Action item —
Quote the listing in full, exactly as given, minus any pictures.

Supplied information —
+++
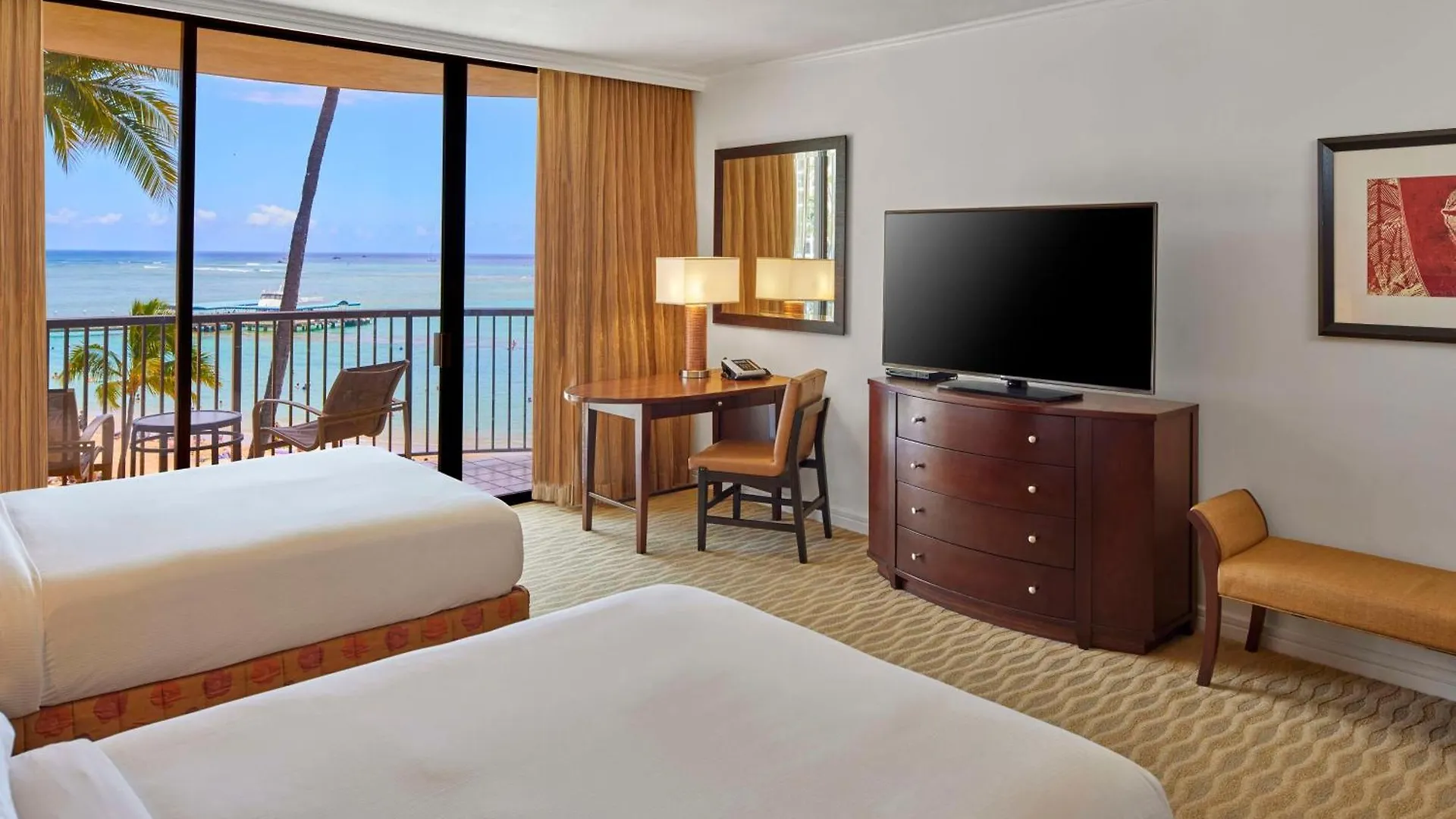 Hilton Hawaiian Village Waikiki Beach Resort Honolulu 4*,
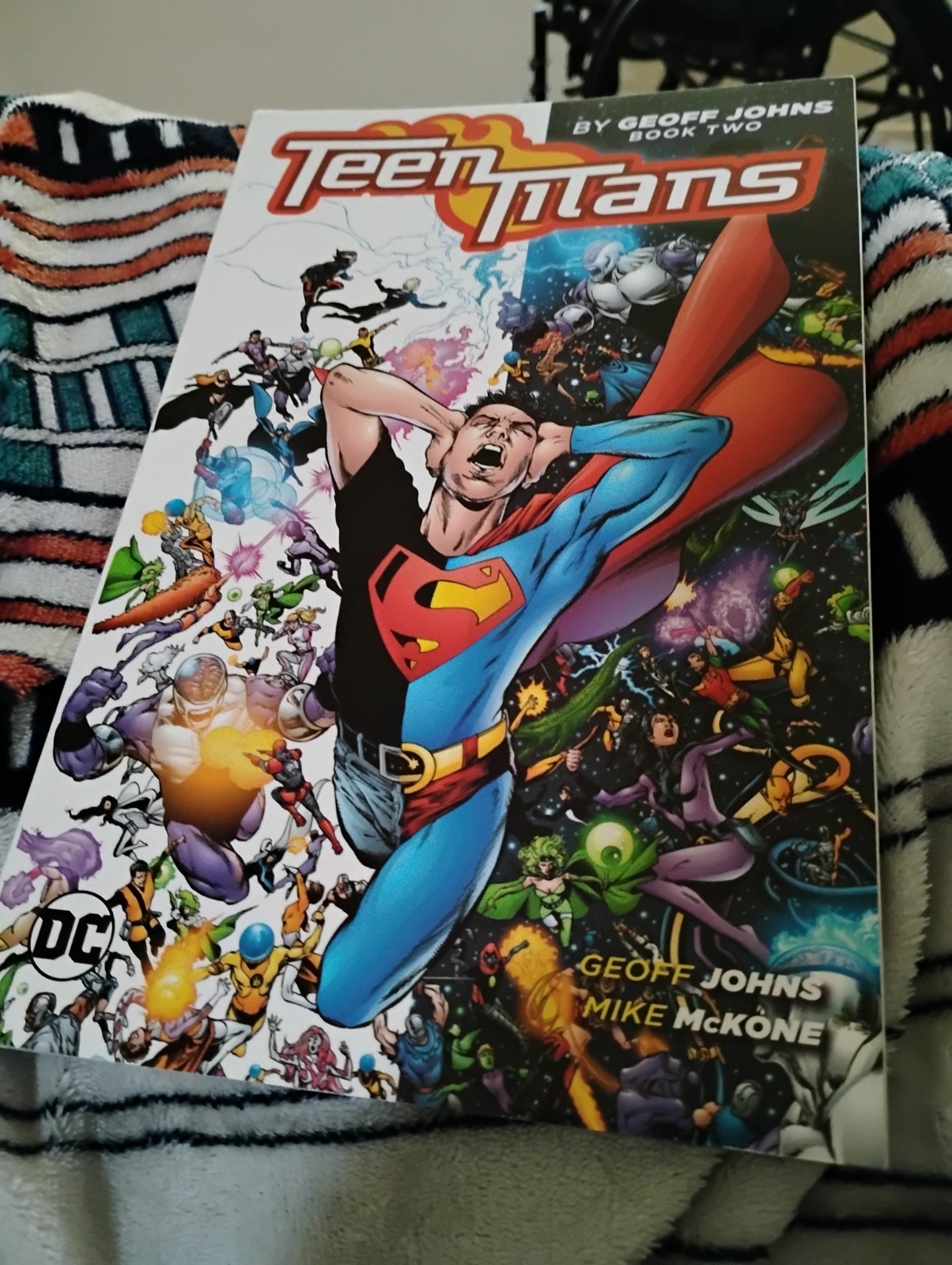 Teen Titans by Geoff Johns Book Two by Geoff Johns (Paperback)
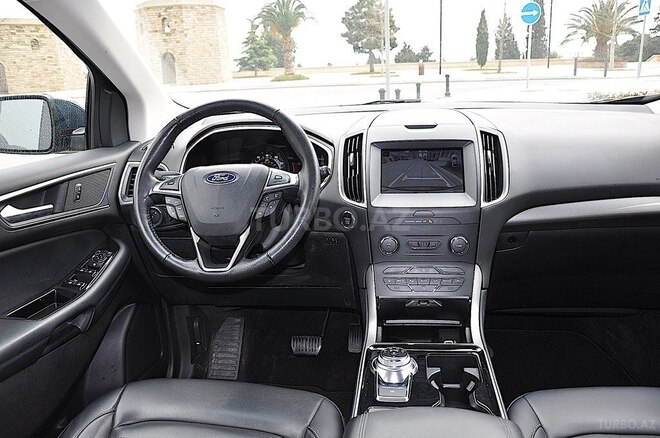 Ford Edge-15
+++
Answer for the task —
 Hilton Hawaiian Village Waikiki Beach Resort Honolulu 4*,
 Teen Titans by Geoff Johns Book Two by Geoff Johns (Paperback)
 Ford Edge-15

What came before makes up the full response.